Ülkemizde Kentsel koruma konusunda yasal mevzuat incelendiğinde 2863 sayılı Kültür ve Tabiat Varlıklarını Koruma Kanunu, tarihi-kültürel değerler ve anıtsal değer taşıyan kentlerin korunması yükümlüğünü fazlasıyla Koruma Yüksek Kurulu ve Koruma Kurullarına yüklediği görülmektedir.

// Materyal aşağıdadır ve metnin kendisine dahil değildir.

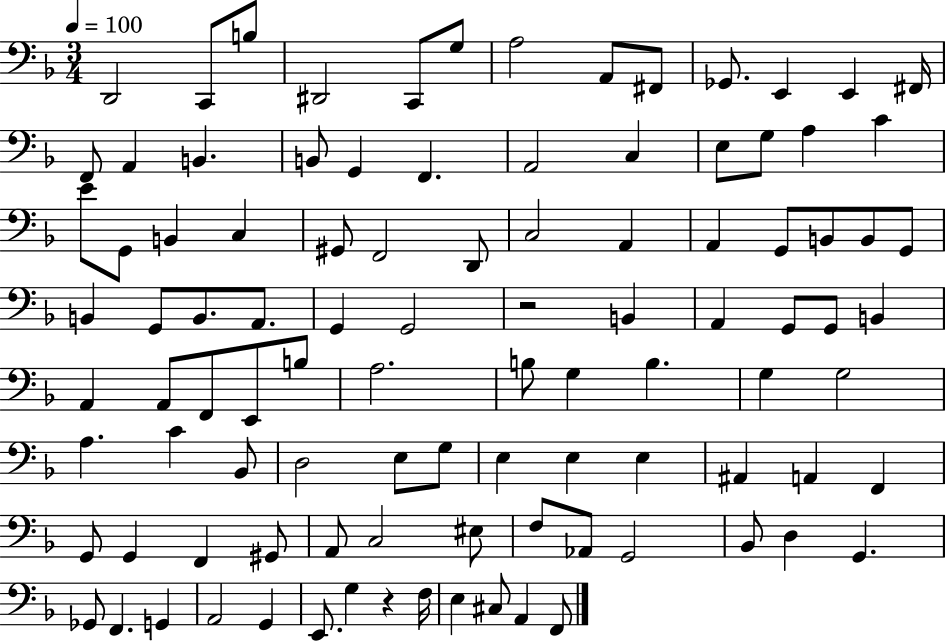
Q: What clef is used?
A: bass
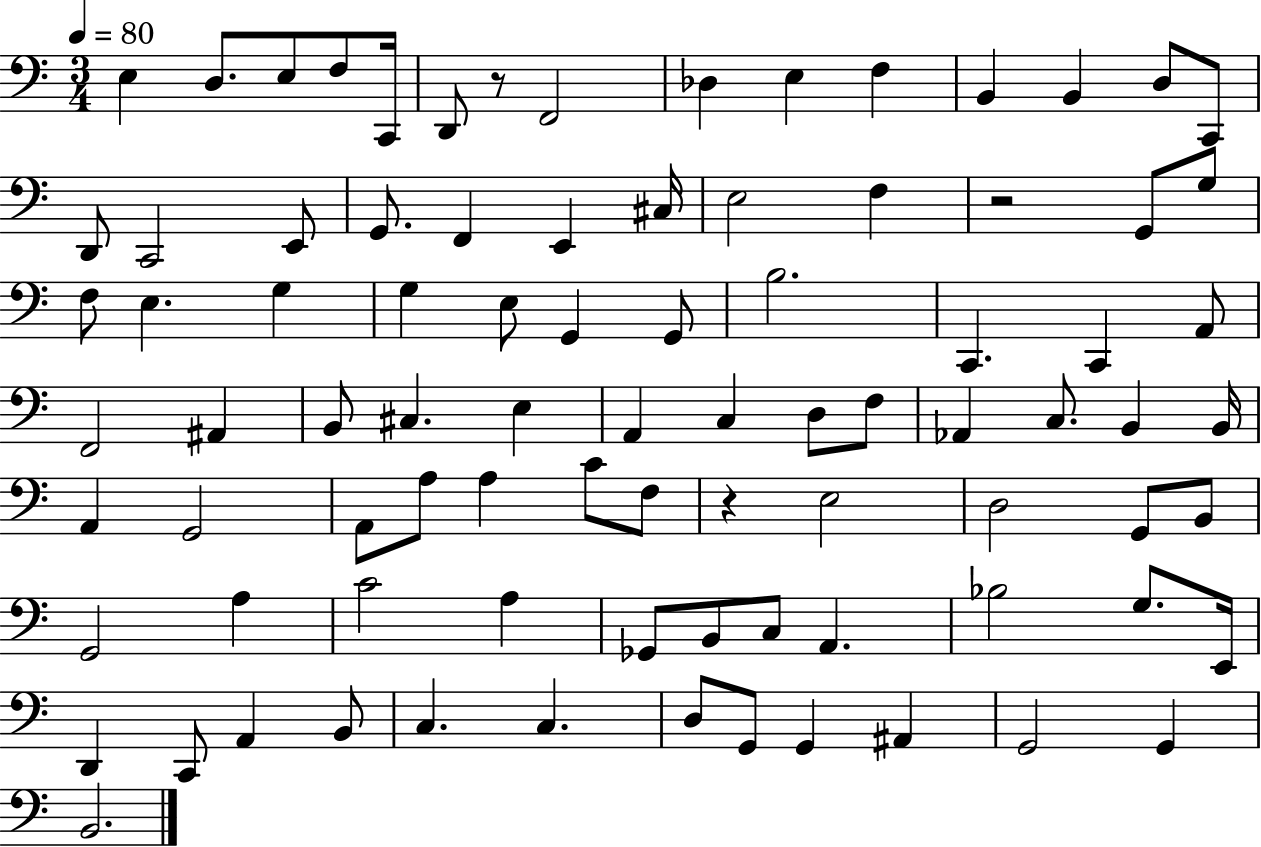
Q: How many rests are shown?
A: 3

Bu yükümlülük tarihi ve kültürel değerlerin doğru saptanmasından, ideal ve uygun koruma kararları alınmasına kadar birçok faaliyetleri içermektedir (Avcı, 2001: 192). 2863 sayılı Kültür ve Tabiat Varlıklarını Koruma Kanunu ile ilk defa merkezden yerele doğru bir koruma eğilimi görülmektedir.

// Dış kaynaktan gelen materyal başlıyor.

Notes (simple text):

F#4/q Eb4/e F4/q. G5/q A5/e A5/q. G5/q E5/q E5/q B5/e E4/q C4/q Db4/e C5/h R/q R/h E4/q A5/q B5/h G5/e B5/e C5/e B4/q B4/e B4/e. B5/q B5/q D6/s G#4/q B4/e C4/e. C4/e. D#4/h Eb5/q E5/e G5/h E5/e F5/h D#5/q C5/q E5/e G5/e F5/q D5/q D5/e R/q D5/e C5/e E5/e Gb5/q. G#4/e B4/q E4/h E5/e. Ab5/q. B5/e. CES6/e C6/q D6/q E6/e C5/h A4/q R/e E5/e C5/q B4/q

Türkiye’de koruma kavramının oluşması yönünde 14.07.2004 tarihinde çıkarılan 5226 sayılı Kültür ve Tabiat Varlıklarını Koruma Kanununun ilgili maddeleri şunlardır (bk. s. 1);

“Koruma amaçlı imar plânı”; Bu Kanun uyarınca belirlenen sit alanlarında, alanın etkileşim-geçiş sahasını da göz önünde bulundurarak, kültür ve tabiat varlıklarının sürdürülebilirlik ilkesi doğrultusunda korunması amacıyla arkeolojik, tarihi, doğal, mimarî, demografik, kültürel, sosyo-ekonomik, mülkiyet ve yapılaşma verilerini içeren alan araştırmasına dayalı olarak; hali hazır haritalar üzerine, koruma alanı içinde yaşayan hane halkları ve faaliyet gösteren iş yerlerinin sosyal ve ekonomik yapılarını iyileştiren, istihdam ve katma değer yaratan stratejileri, koruma esasları ve kullanma şartları ile yapılaşma sınırlamalarını, sağlıklaştırma, yenileme alan ve projelerini, uygulama etap ve programlarını, açık alan sistemini, yaya dolaşımı ve taşıt ulaşımını, alt yapı tesislerinin tasarım esasları, yoğunluklar ve parsel tasarımlarını, yerel sahiplilik, uygulamanın finansmanı ilkeleri uyarınca katılımcı alan yönetimi modellerini de içerecek şekilde hazırlanan, hedefler, araçlar, stratejiler ile plânlama kararları, tutumları, plân notları ve açıklama raporu ile bir bütün olan nazım ve uygulama imar plânlarının gerektirdiği ölçekteki plânlardır.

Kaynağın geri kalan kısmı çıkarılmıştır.